## WHAT THE TASK REQUIRES
Though the entries hold pictures, only their text should be duplicated, exactly and in full.

········

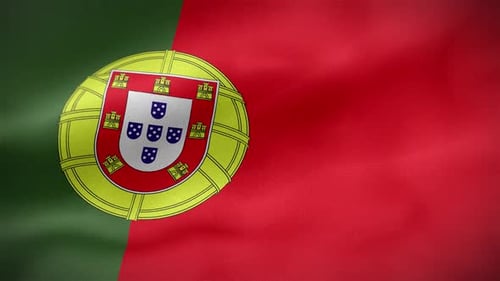 Waving Portugal Flag with Fabric Texture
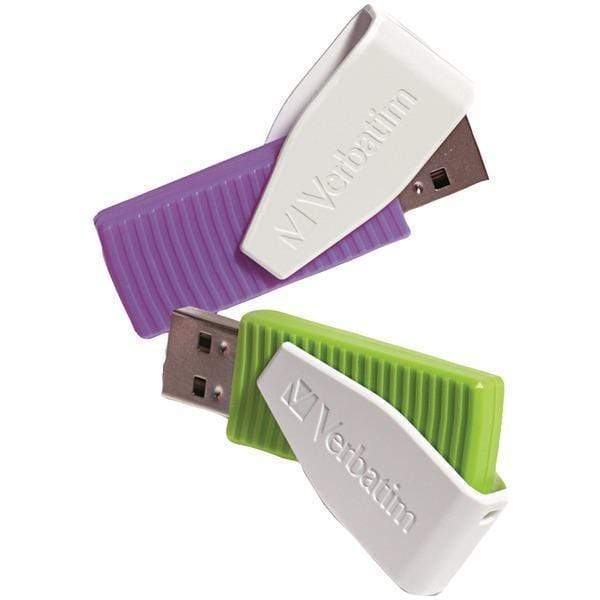 Flash Drives Store 'n' Go(R) Swivel USB Drives (16GB; 2 pk; Green/Violet) Petra Industries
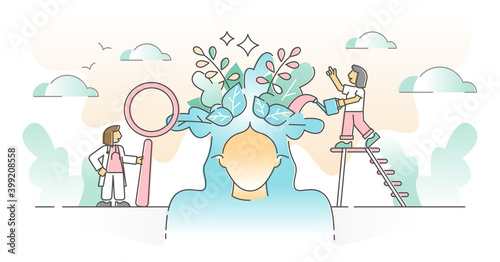 Mental health care with mind psychological balance therapy outline concept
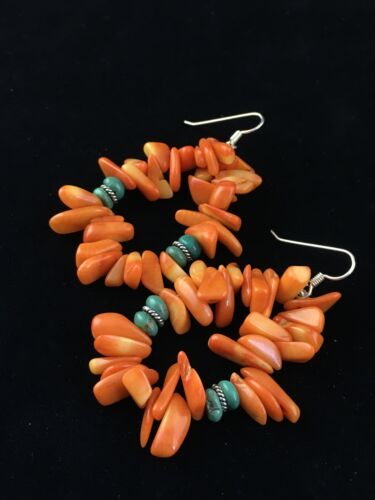 Navajo Orange Coral Turquoise Earrings Set | Sterling Silver | Authentic Native American Handmade | 1776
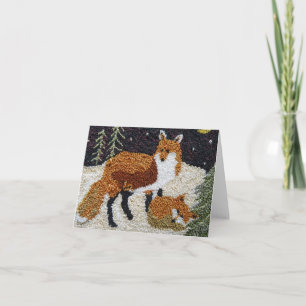 Fox Moeder en Cub Notecard Kaart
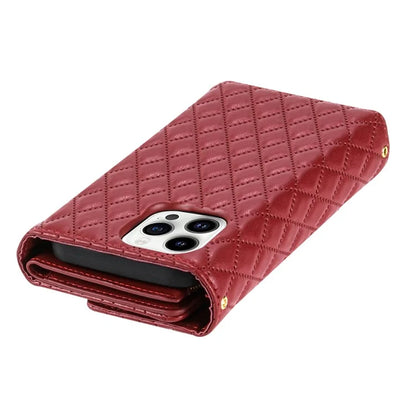 BKS-002 For iPhone 15 Pro Cell Phone Case Leather Crossbody Wallet Cover with Long Strap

········

## YOUR SOLUTION
 Waving Portugal Flag with Fabric Texture
 Flash Drives Store 'n' Go(R) Swivel USB Drives (16GB; 2 pk; Green/Violet) Petra Industries
 Mental health care with mind psychological balance therapy outline concept
 Navajo Orange Coral Turquoise Earrings Set | Sterling Silver | Authentic Native American Handmade | 1776
 Fox Moeder en Cub Notecard Kaart
 BKS-002 For iPhone 15 Pro Cell Phone Case Leather Crossbody Wallet Cover with Long Strap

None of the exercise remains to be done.